In both cases, you’ll work hard and produce results and move the ball along. But one will exhaust you; the other will bring you life.
Teaching Grace-Filled Grit
Our children (and to a degree, if you’re a teacher, your students) will often value what you value. The outward manifestations of your heart will speak louder than any lessons or words of wisdom you try to impart.
Our kids must see that we value God’s glory over our glory. And when we fail at this, we ought to show them what repentance looks like.
So as we seek to impart a Jesus-centered work ethic to our children, we must first exhibit it. They should see us get up in the morning and start work on time. They should hear us speak with interest about our tasks. They should witness us wrestle through crises with patience and resilience (appropriately, to be sure—don’t scare them with your woes). They should watch us rejoice in projects completed and dream about ways to do things even better. If you’re now working from home, you have a unique opportunity to show this to them all day long. And if you’re an essential worker and still leave the house, that very act is an amazing testimony to the value of work.
We will model work imperfectly, of course. Our kids must also know that we need grace. Our kids must see that we value God’s glory over our glory. And when we fail at this, we ought to show them what repentance looks like.
We should also require our children to work. Kids need to be kids, but they also need to learn to do something against their will simply because it needs to be done. In my humble experience (my kids are still young), this means giving them menial tasks. Have them take their plate to the sink. Have them fetch a diaper for you. Have them take out the trash. As your kids get older, their tasks can grow with them. Your grade-schooler can empty the dishwasher and load up the washing machine. Your teenager can wash the car and run errands.
Teaching a work ethic to your child requires a steady effort on your part.
Be thoughtful about this. You may want to sit down with your spouse periodically to think about the things you’d like your children to be able to do. Then teach them how to perform those tasks—kids don’t automatically know how to load a dishwasher, even if they’ve seen you do it a thousand times.
This is where most plans fall apart. It’s easy to have a child load a dishwasher once. She may even think it’s fun! But the daily grind is where she’ll fall away from the task, and you may be too tired or distracted to chase her down. Teaching a work ethic to your child requires a steady effort on your part.

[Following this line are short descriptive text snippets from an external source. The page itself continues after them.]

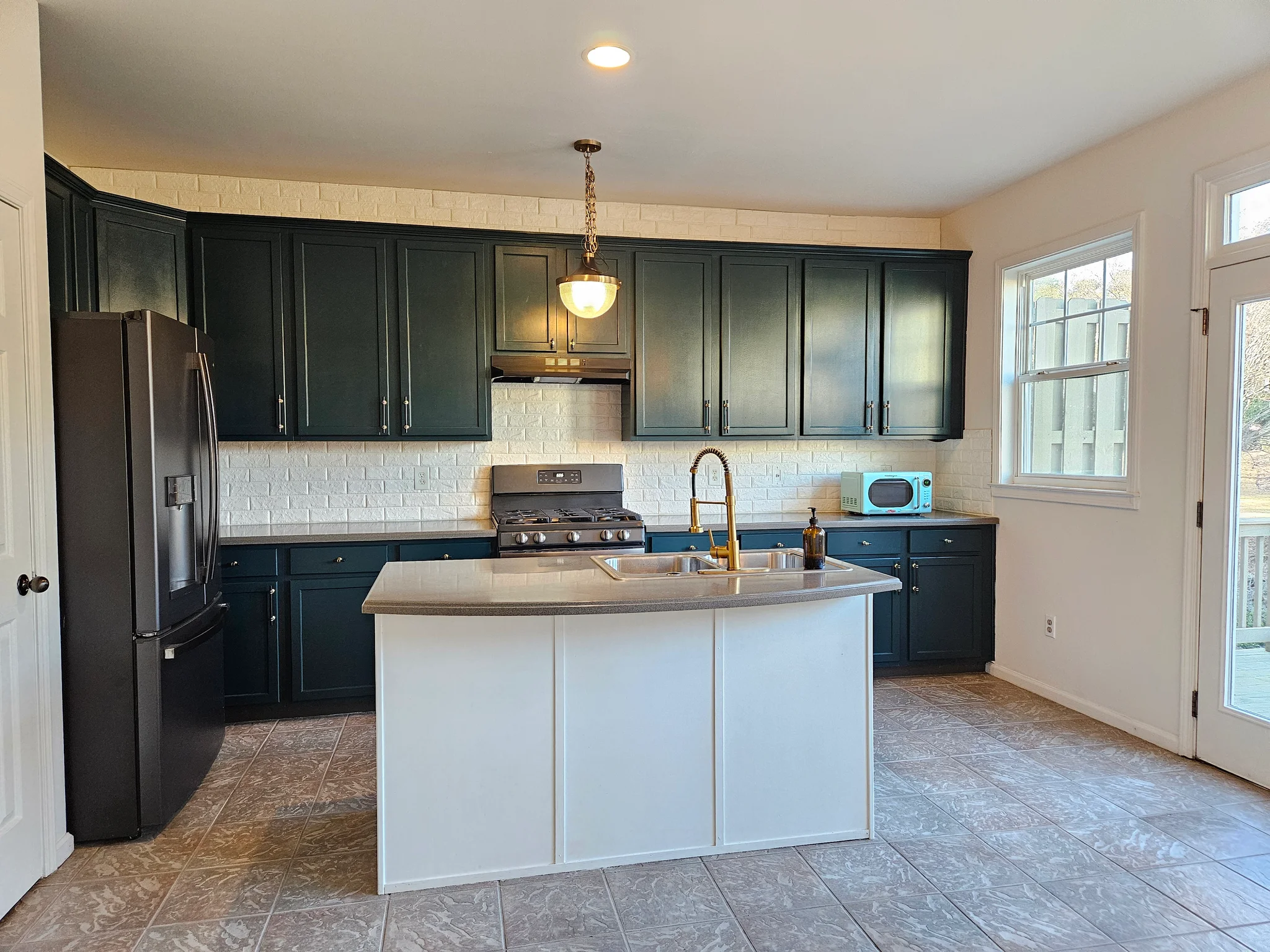 Suwanee Townhome: 4361 Grove Field Park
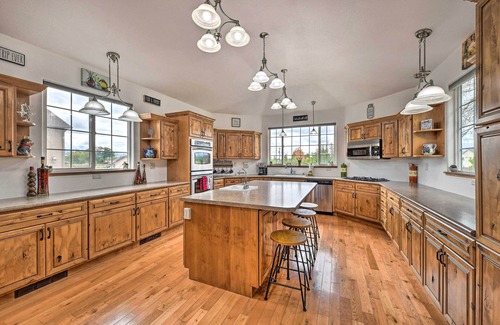 Fruitvale Casa | The Vineyard Country Farm Home at Grand Valley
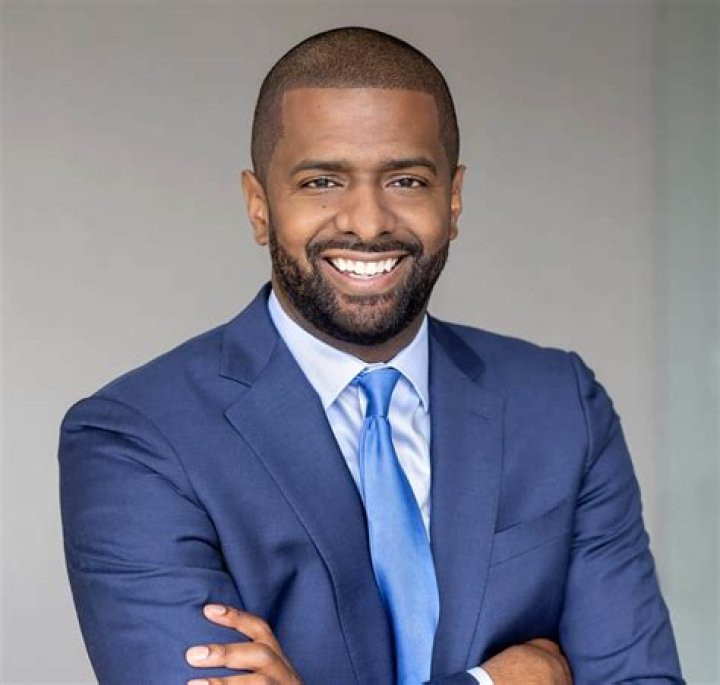 How Tall Is Bakari Sellers? A Comprehensive Guide to His Height and More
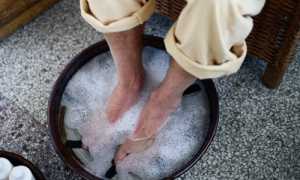 Применение лечебных ванночек от пота и запаха ног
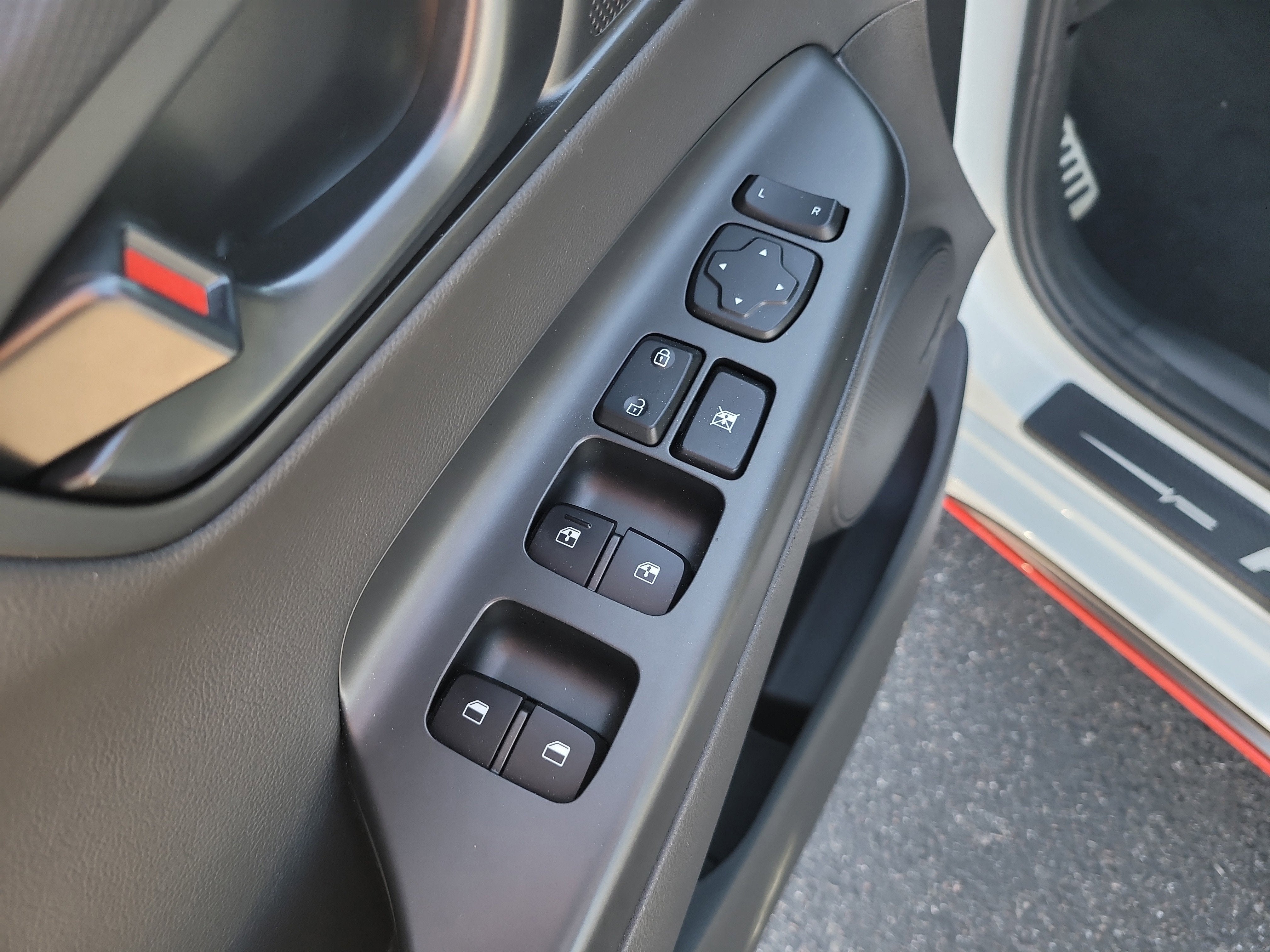 2022 Hyundai Kona N Base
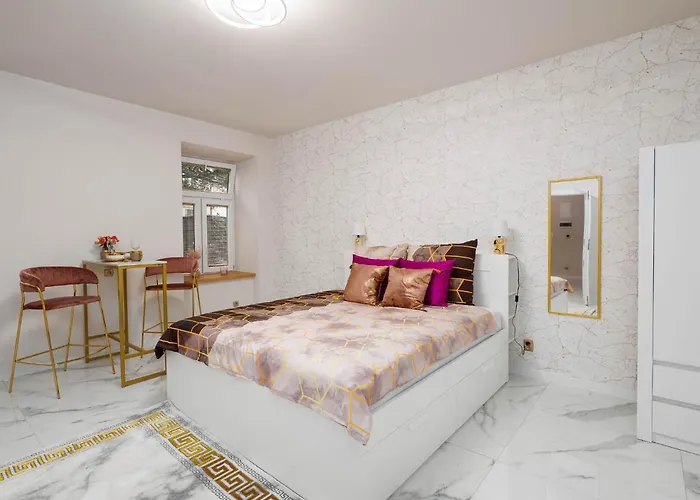 Gold Aleja Nmp 8 - Free Parking Czestochowa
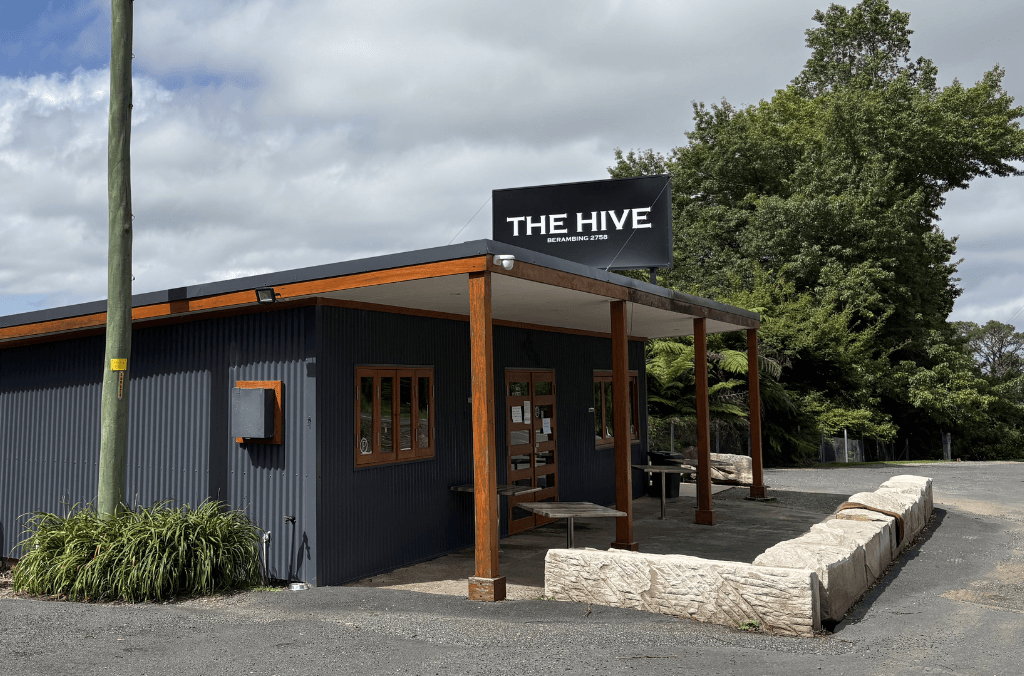 The Hive is a lovely stop close to Blue Mountains Botanic Gardens Mount Tomah.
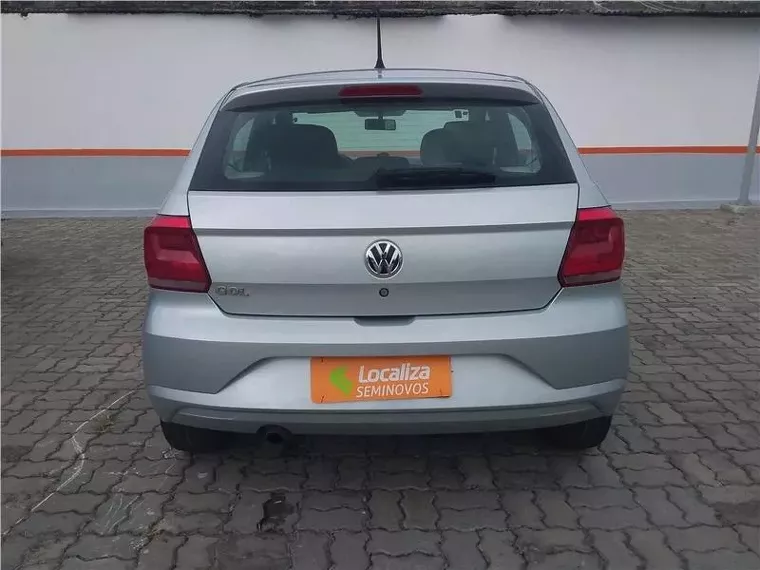 Volkswagen Gol Prata 2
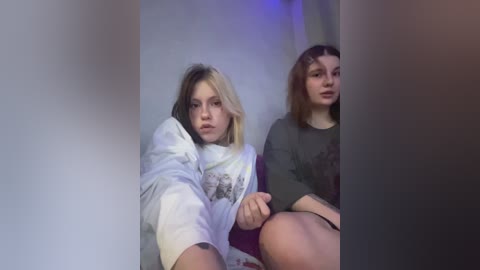 molly_and_ewa free recording from 2025-06-21 18:03:00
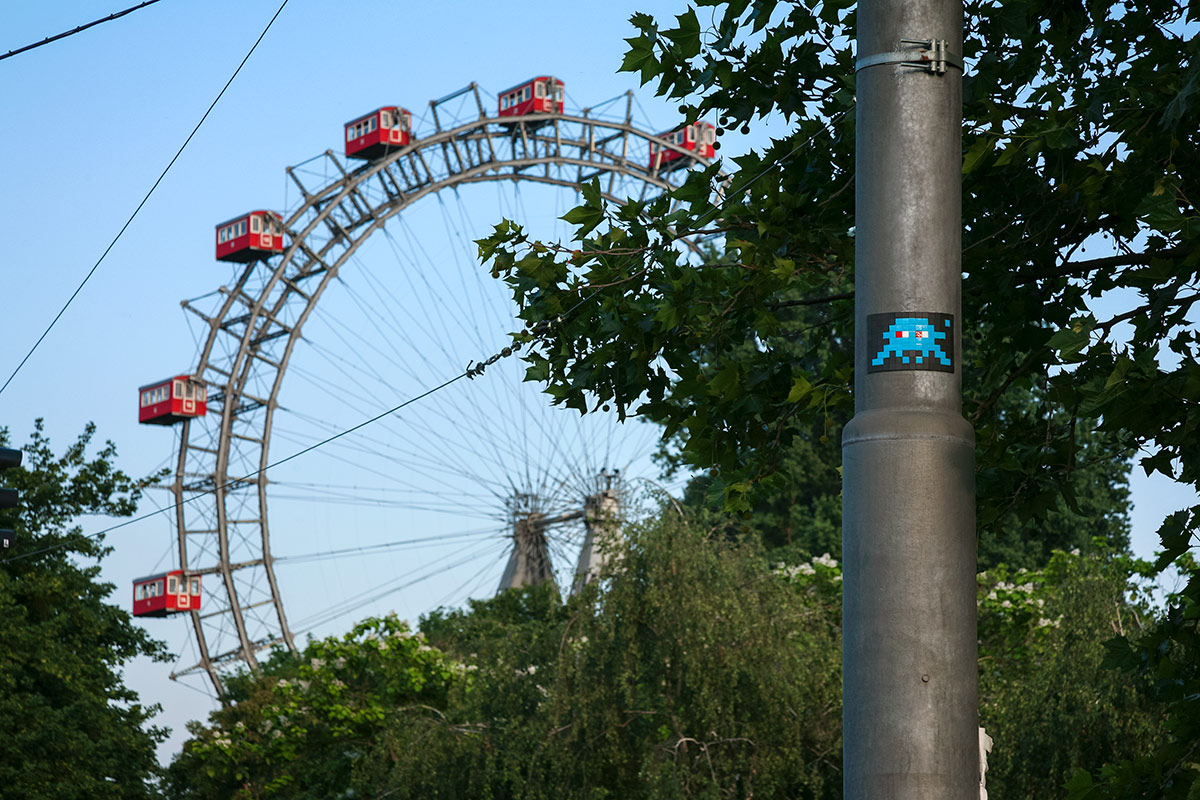 Invader - Background image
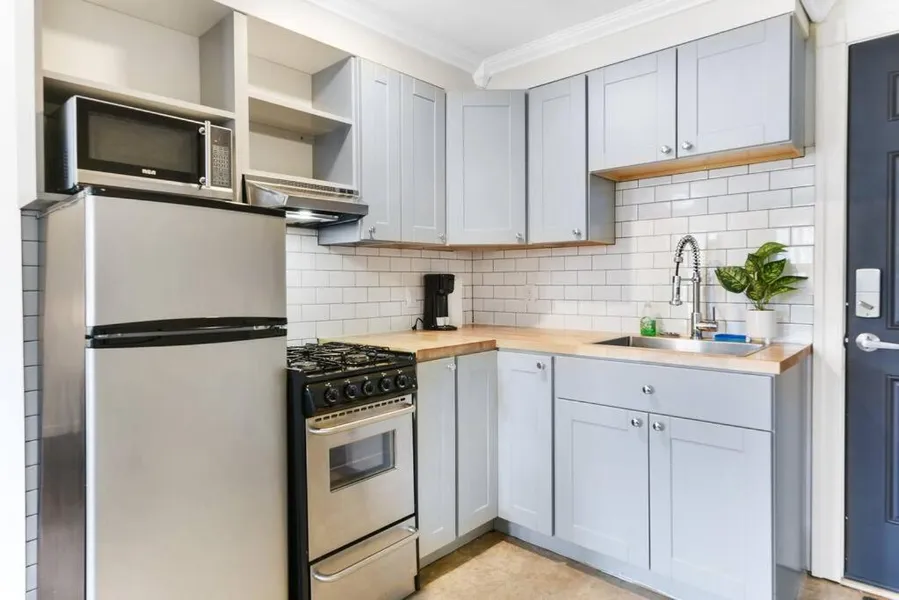 New! Bright and stylish Apt in Niagara Falls hotel detail image 6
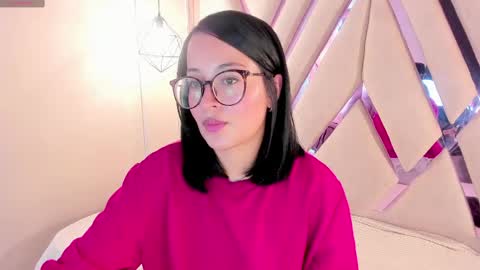 M A R T I N A  online show from 04.28.26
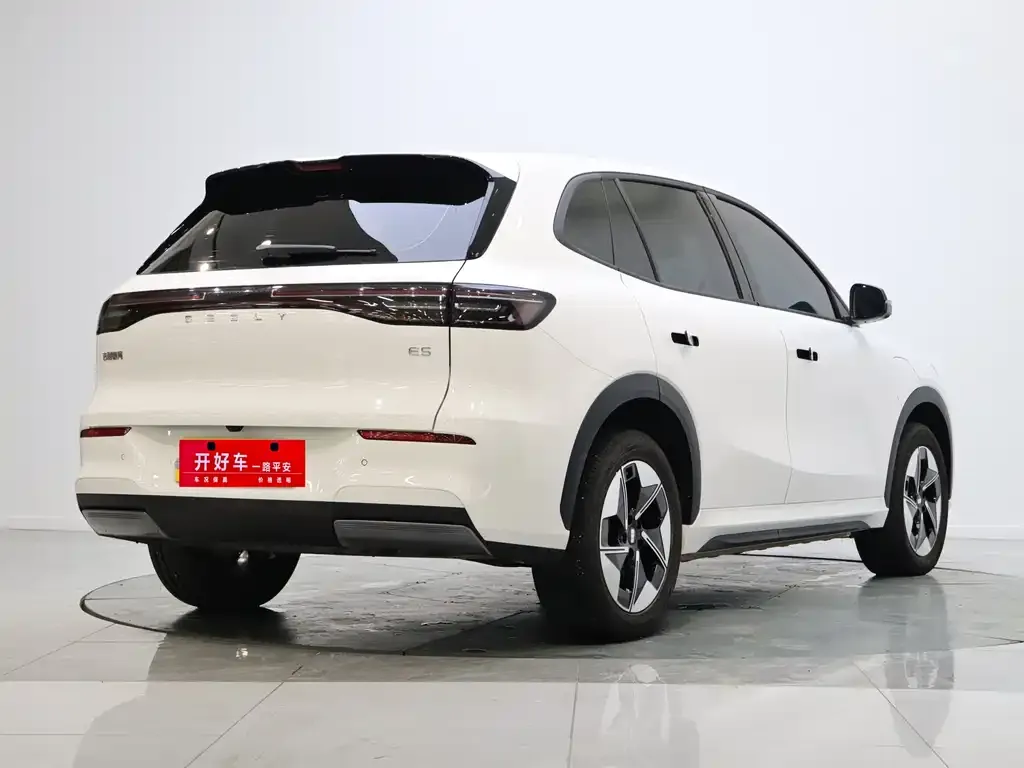Geely Galaxy E5 — фото 10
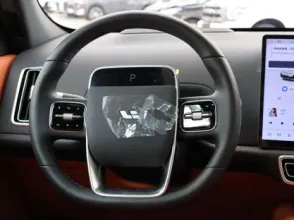 фото LiXiang L7 2025 года с пробегом за 30590000 тенге в undefined - фото 2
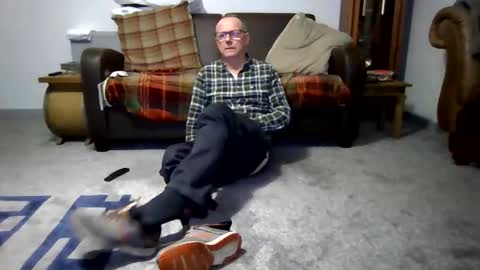 Snapshot of letmestrip chatting on 13, 11, 2025 paul online show from 13, 11, 2025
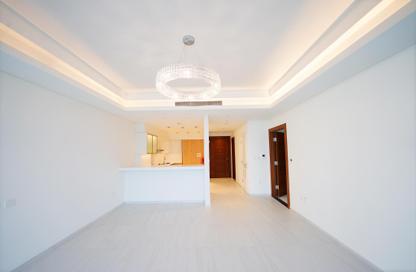 Apartment - 1 Bedroom - 1 Bathroom for rent in Gewan Island - The Pearl Island - Doha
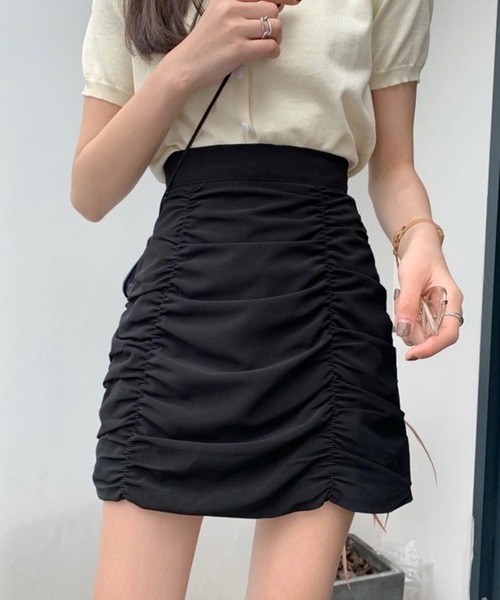 VIBGYOR（ヴィブジョー）の「[NARULA/ナルラ]ギャザーデザイン ショートスカート(CZ)（スカート・レディース・ブラック/ホワイト・FREE）」の2枚目の写真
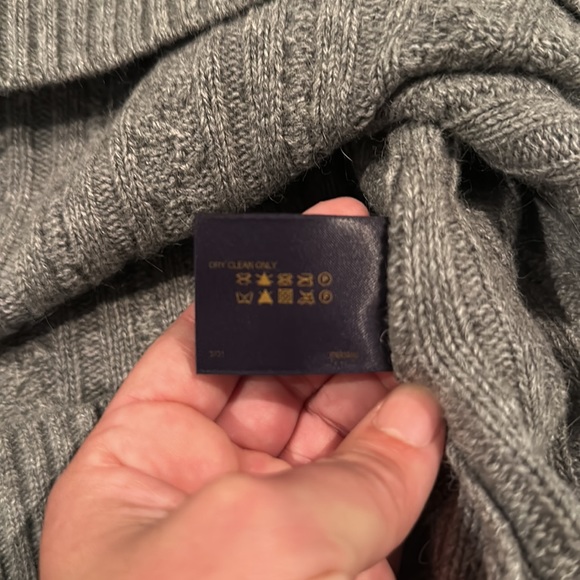 EUC Brooks Brothers women’s cable knit grey sweater dress, size L - Picture 8 of 8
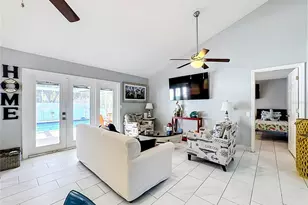 354 Montgomery Ave, Sarasota, FL 34243 - Photo 28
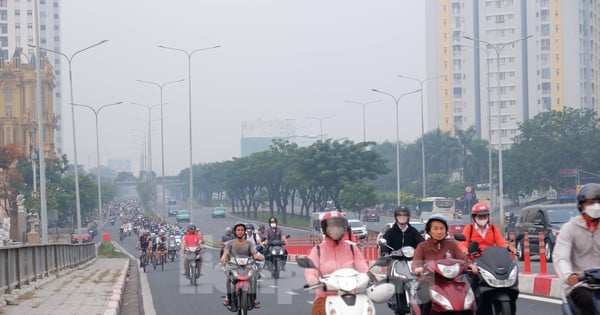 TPHCM lại chìm trong sương mù, đón đợt mưa trái mùa mới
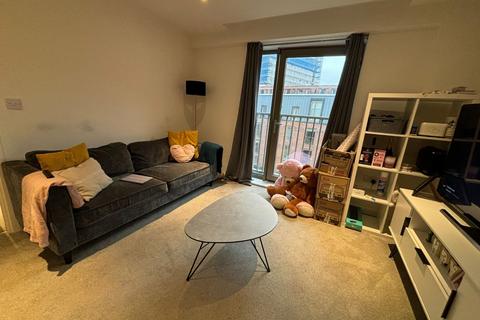 2 bedroom apartment to rent, Hulme Street, Salford, Greater Manchester, M5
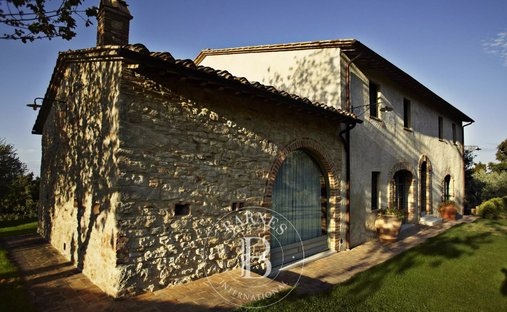 Castle for Sale in Cetona, Tuscany, Italy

My best advice is to put the task into a routine. If your son clears the table every night, soon the task should become second-nature. Eventually you’ll be able to stop reminding him (and could perhaps add another chore!). You are teaching not only daily rhythms of work, but perseverance and consistent service to others.
Sabbath Rest and Grace
Finally, we want our kids to work well, but they also need to learn to rest well. And thus they need to see you work hard, fueled by God’s grace, and then watch you trust God enough to come home and get on the floor with them. They need to see you observe Sabbath practices and to help them do the same.
Training up your child the way he or she should go (Prov. 22:6) is a long game, and it includes modeling right behaviors, teaching right theology, and providing consistent opportunities for them to dirty their hands.
These words are smeared with my own hypocrisy, as I struggle daily to do this well. But the good news is that the grace I want my kids to embody is newly available for me each morning, too.